Why didn't Mr. Clapper mention the beer in his review?  (I really hope that's a real name and not a nom de's so much fun to say!)  The Armsby is all about fantastic beer and Slow food.  Missing both in the review doesn't do justice to the owner's vision, and ensures that there will be people who go to the Armsby and miss the point.  I love the place- I've never had a bad meal, beer or experience there.  It's a shame that Mr. Clapper only handed out three stars out of four- I believe the Armsby is one of the best bars in Worcester.
The trolls were out in full force in today's review and last Thursday's article about the negative aspects of the Summer Nationals.  There's a wide range of reviews on Yelp, (Thirty 5-star reviews, twenty three 4-star reviews, six 3-star reviews, four 2-star reviews, and two 1-star reviews.)  Even though I'm not a fan of trolls, they make for some entertaining reading!
Speaking of beer, I found this Op-Ed interesting.  There's always been a problem with wholesalers in Massachusetts regarding craft beer, and I don't want to see it get worse!

Wednesday, July 7, 2010

DBag of the Day!

Congratulations Terry Savage, you win Douchebag of the Day!

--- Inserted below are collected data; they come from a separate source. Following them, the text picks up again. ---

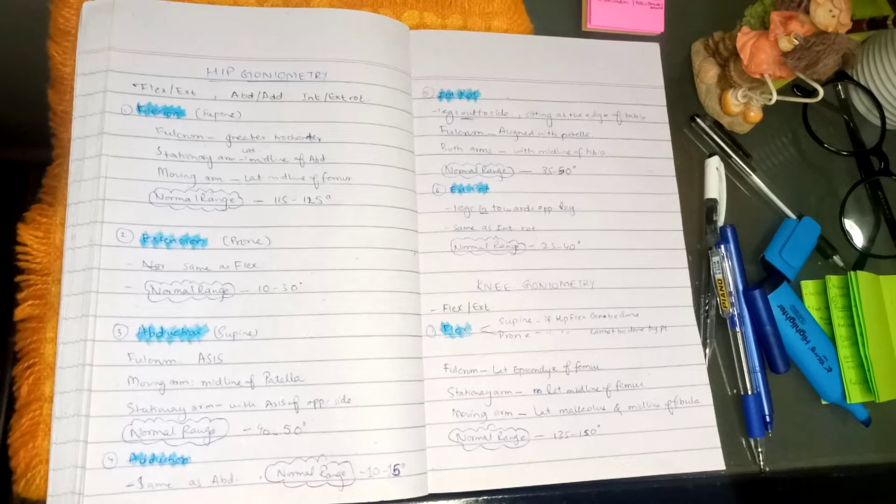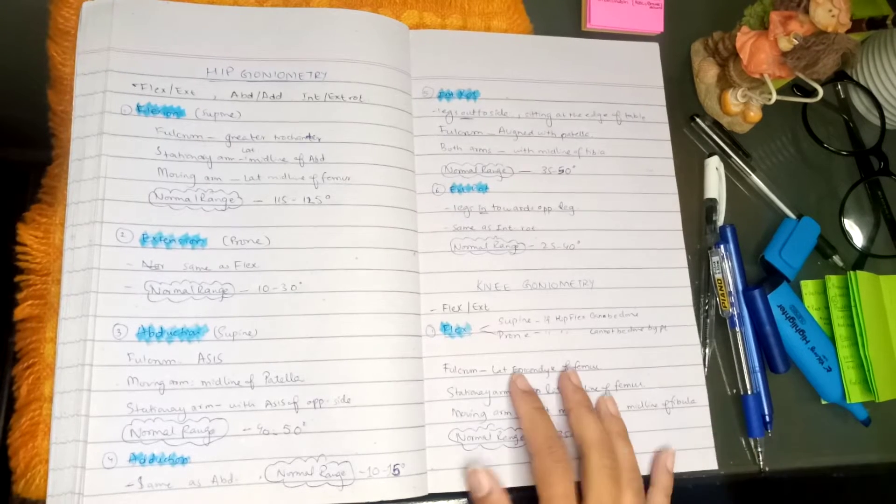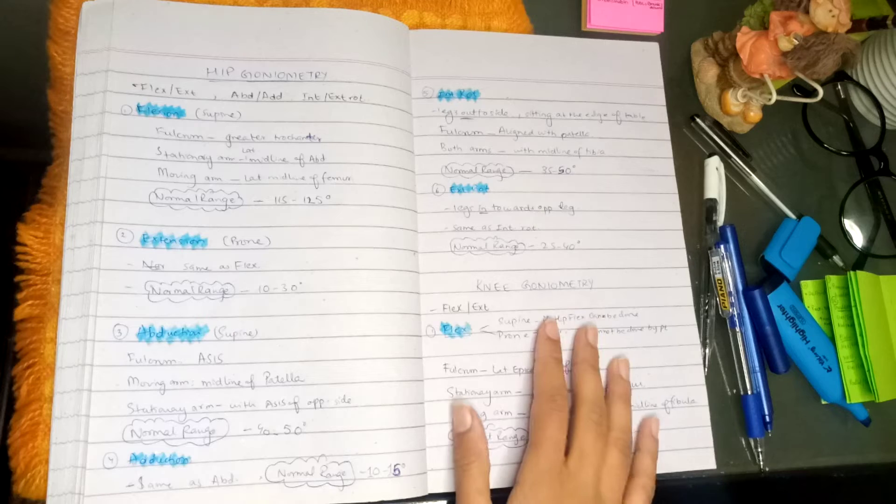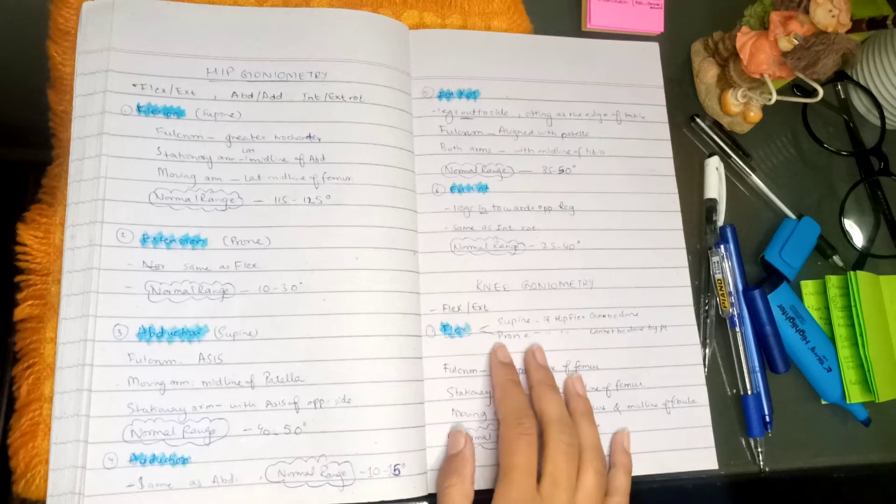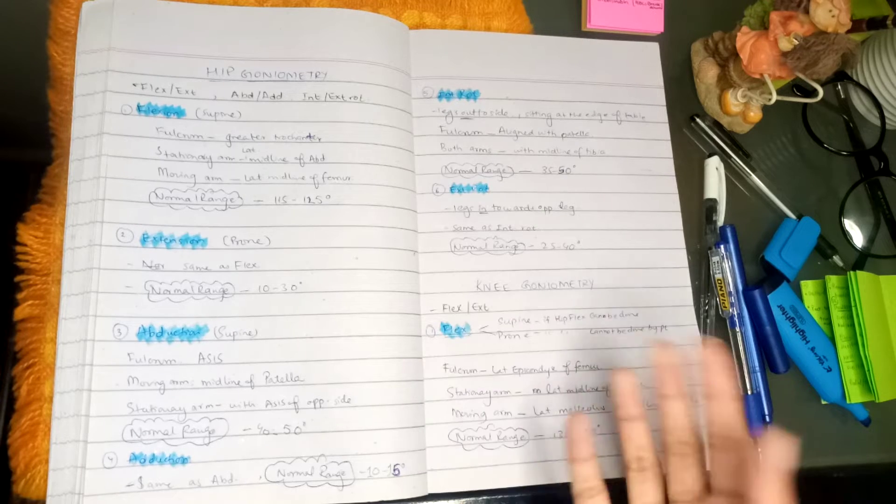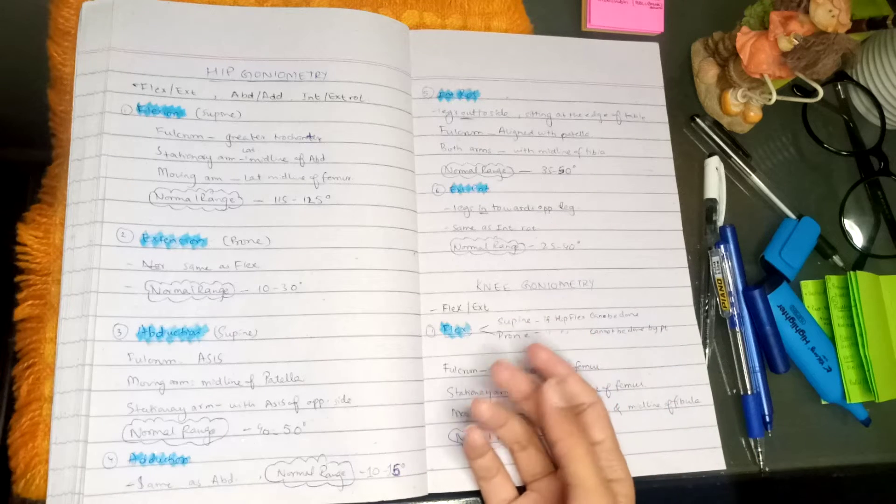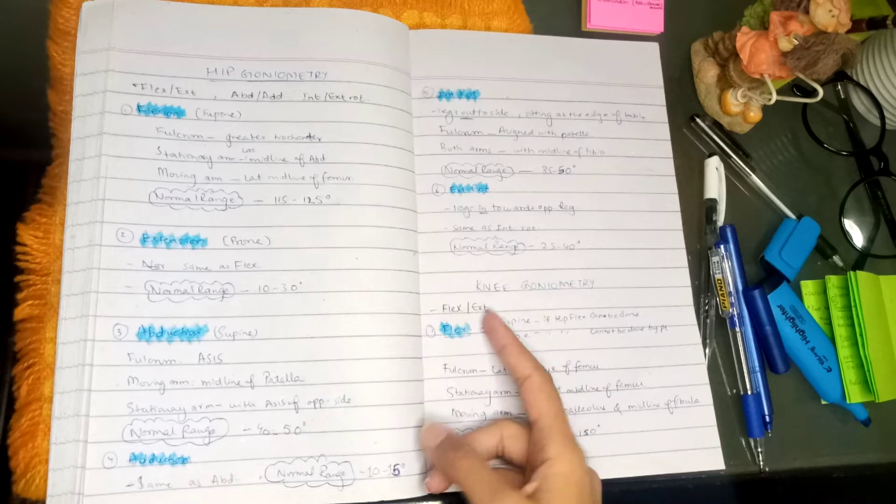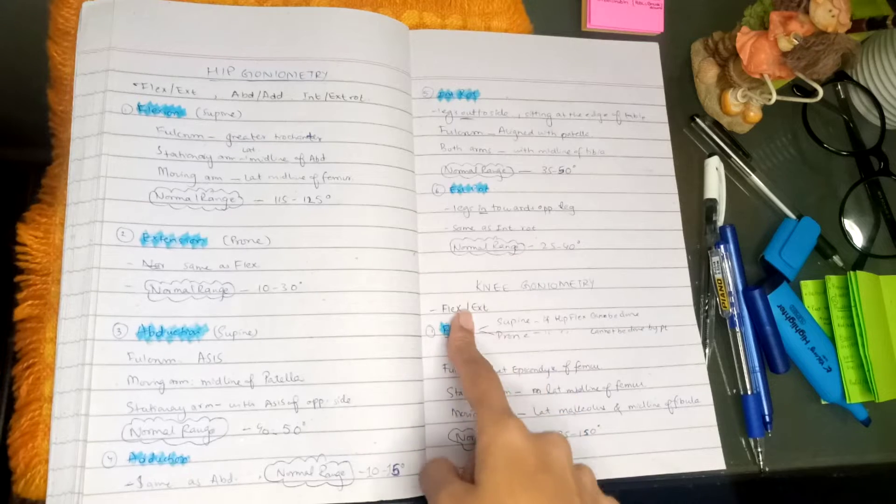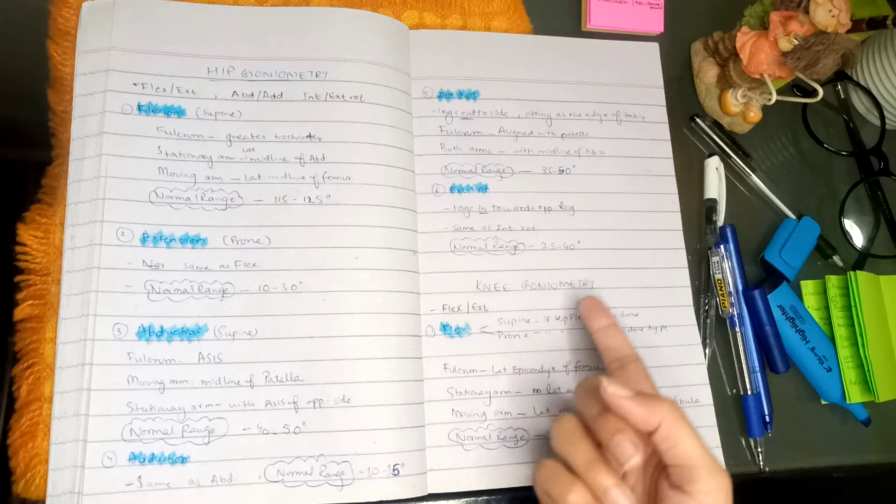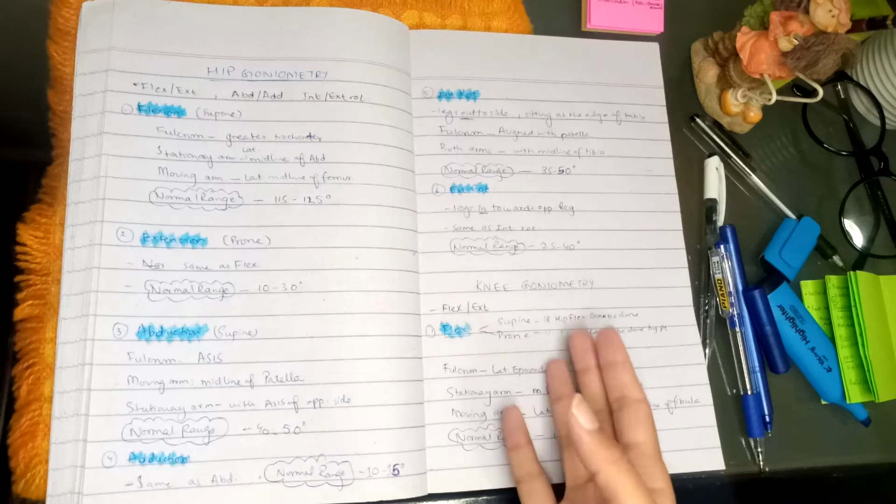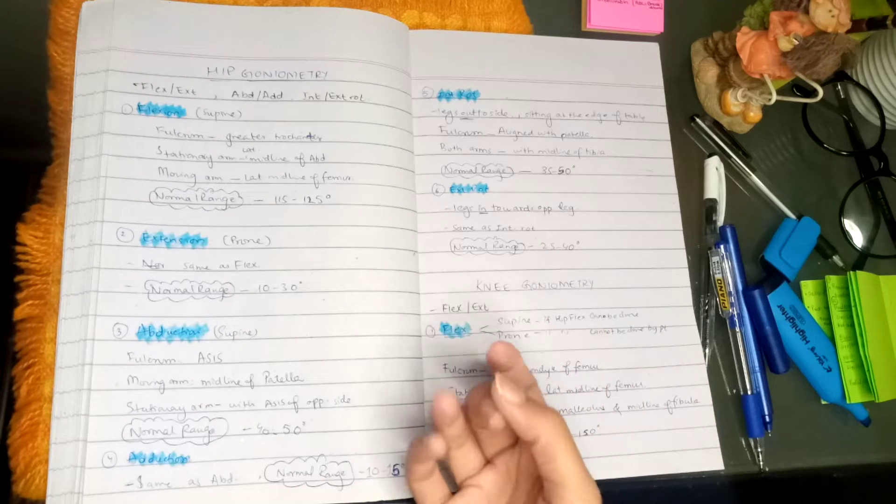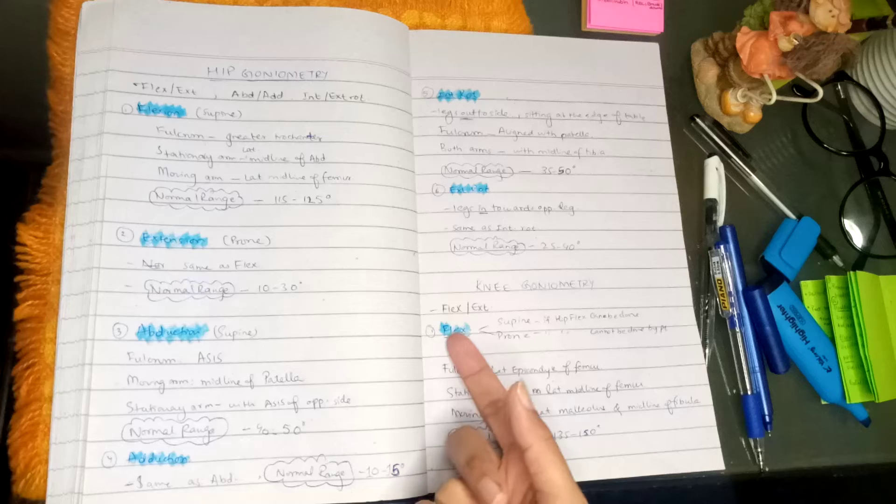Okay guys, welcome back to my channel. In this video I'll be discussing knee goniometry. As we know, we can only have flexion and extension, so we will measure it. First, we will see how to do flexion.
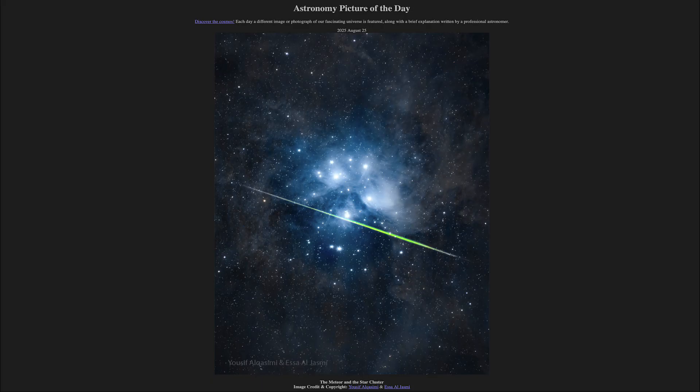So that was our picture of the day for August 25th of 2025, titled The Meteor and the Star Cluster. We'll be back again tomorrow for the next picture, previewed to be Leaky Star — so we'll see what that is about tomorrow. Until then, have a great day everyone, and I will see you in class.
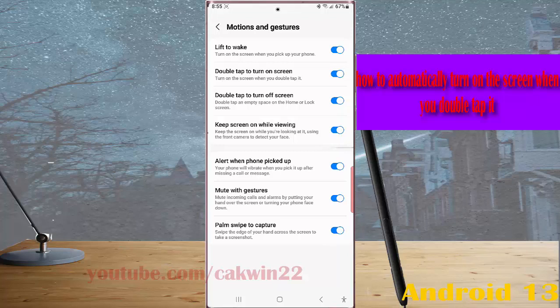The switch turns blue when it's on. Now when you double tap your phone screen, the screen will be automatically turned on.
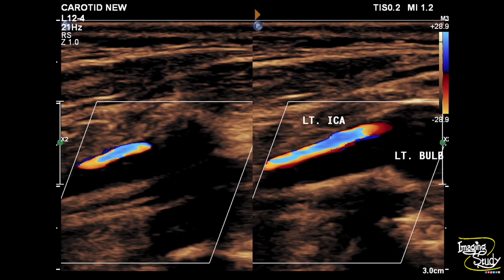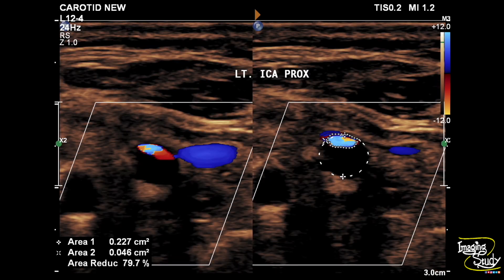Here is the picture — you can see the lumen shows a narrow turbulent flow. This sonoleucent area is completely filled with a type 1 plaque. Type 1 plaques are sonoleucent and can only be seen on color Doppler as signal void areas. From our measurement, you can see almost 80% luminal narrowing at this point.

I love his logic- giving away another person's stuff for free is wrong.
Charging money for another person's stuff is fine, as long as you make more money.

This is why we have trillion dollar bailouts for large corporations, and nothing for the working poor.

Thursday, July 1, 2010

Free lunches.

I understand that the food industry has been hurt by the ban on pharmaceutical free lunches for doctors.  (I make fewer lunches a week thanks to this ban, and end up working fewer hours a year.)  I do think it's a good idea, especially when reading this article, this article, and this article.

But we all know that lobbyists have influence, and all it takes is one elected official to start the repeal train.  State Representative Brian Dempsey, start that pity party!  (I hope your doctor doesn't prescribe Crestor for your LDLs.  You might end up with diabetes.)

While we're on the subject of elected officials and repeal trains, a big shout out needs to go to 'Independent' Scott Brown.  Thanks for screwing up the Massachusetts budget, Senator.  Apparently yes means no and it also means screw you, Massachusetts.